Well, if a critique forum doesn't respect copyright it can't be among the best, it won't even be just adequately "good". The very first thing I'd expect anyone working with my texts to respect is my right to decide what happens to them. That includes what happens to them behind a password wall or in a database accessible only be members or administrators.

 

[Speaker-To-Animals]

So long as the user can remove their posts, or a mod can remove the post upon request, then there shouldn't be an issue. Our mods here at KB delete and edit posts all the time!

What my post that you quoted or yours that I've just quoted. Does that apply? And I don't know of any software that will do that. If for no other reason that plenty of times someone quotes without attribution.

In terms of Critters, I also wonder if they're using software that was modded a long time ago and they just don't have the money or skills to adjust.

 

[KelliWolfe]

So long as the user can remove their posts, or a mod can remove the post upon request, then there shouldn't be an issue. Our mods here at KB delete and edit posts all the time!

I think the real problem is stuff that goes on "behind the scenes." Sites like FB, Twitter, and even Google collect enormous amounts of data about users without their knowledge. And then you have sites that sell access to their users without those users knowing.

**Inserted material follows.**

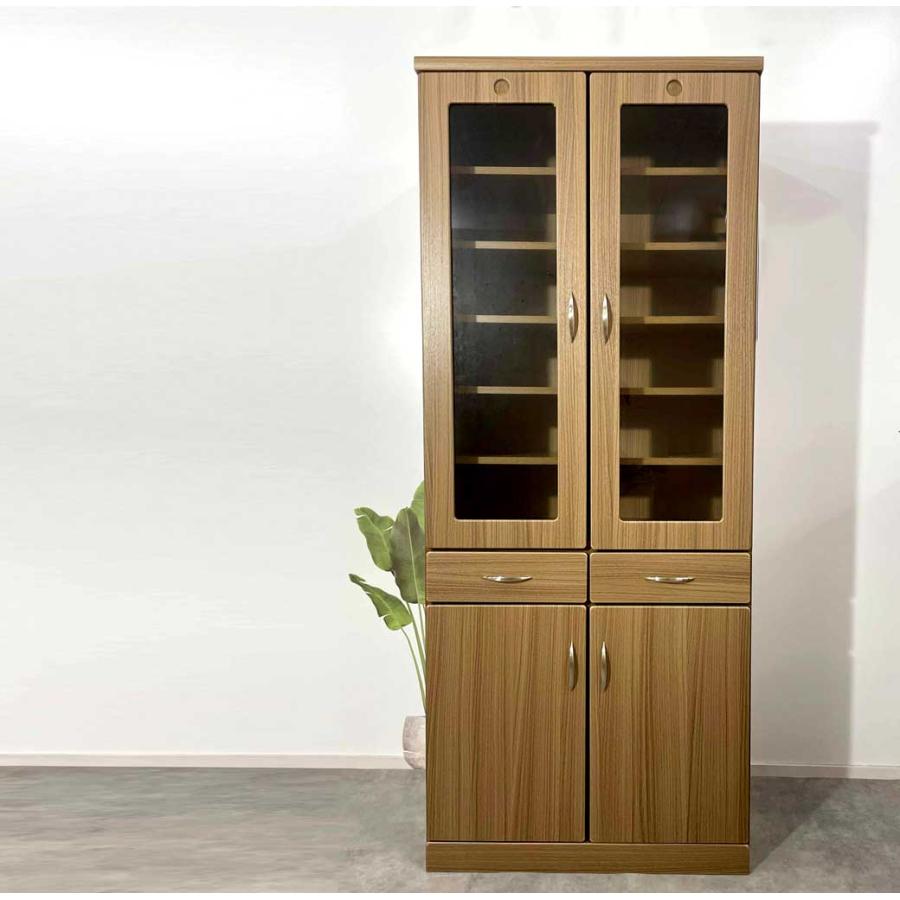 80DB国産日本製完成品Natural simpleキッチン収納大川家具　食器棚 80DB国産日本製完成品Natural simpleキッチン収納大川家具 食器棚 80DB国産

I guess I am not overreacting because I have a lot of practical knowledge dealing with government agencies. Not in the EU, but I'm worked through audits from the DOT, FAA, FDA, OSHA, and other federal and state agencies. The regulations are always written in the most convoluted manner, but the realities of enforcement typically tend to be "Are you making a good faith effort to comply?" What I have learned from dozens of audits over the years is that investigators want to see you are making a good faith effort. They will dig their fangs in and not let go if they think you are actively attempting to skirt the law, and they will bring down the hammer if they think you are willfully engaging in behaviors designed to circumvent the law, but mostly they just want to see you acting in a principled manner.

Are you willing to gamble 20 million Euros on that? Especially when Europe is crawling with ambulance chasers whose sole purpose in life is to take advantage of laws like this to extort payments from businesses over claimed violations?

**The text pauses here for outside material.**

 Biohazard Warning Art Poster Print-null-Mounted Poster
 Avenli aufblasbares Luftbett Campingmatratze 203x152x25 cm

You have to remember that it isn't just the forum software these people have to worry about. When you go onto a website the server collects data about you as well. You've got server logs, cookies, and potentially other logs collected at different levels depending on what plugins you have for IIS/Apache. ALL of that is included in this law, because your IP address and the information associated with it is considered part of that personal information because it can be used to identify you. The site operators have to be able to show that to the user ON DEMAND and delete it if required. This includes purging from backups, etc. Most systems, especially older ones, don't have any easy way to do any of that. It would all have to be compiled and changed manually, or else you'd have to write or buy software to do it. And getting rid of it from your backups? When I was an admin, we'd have backups going back YEARS in some cases for legal reasons.

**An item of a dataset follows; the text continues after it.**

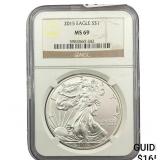 2015 Silver Eagle NGC MS69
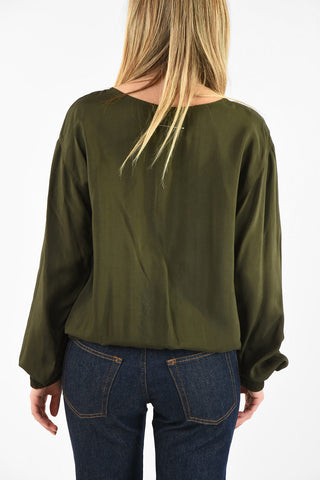 MM6 Waist Elastic Band Loose Fit Top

For businesses like Google and Facebook which exist to collect data they do have all of that information in one place and it isn't particularly onerous for them to get it in front of the user, and they're running in-house software that they constantly modify anyway so it isn't a huge deal for them to add in an interface to allow users to modify or even delete it. Smaller web sites simply don't do that kind of thing, though, and the older the software they're running, the more difficult it is to make changes without breaking things.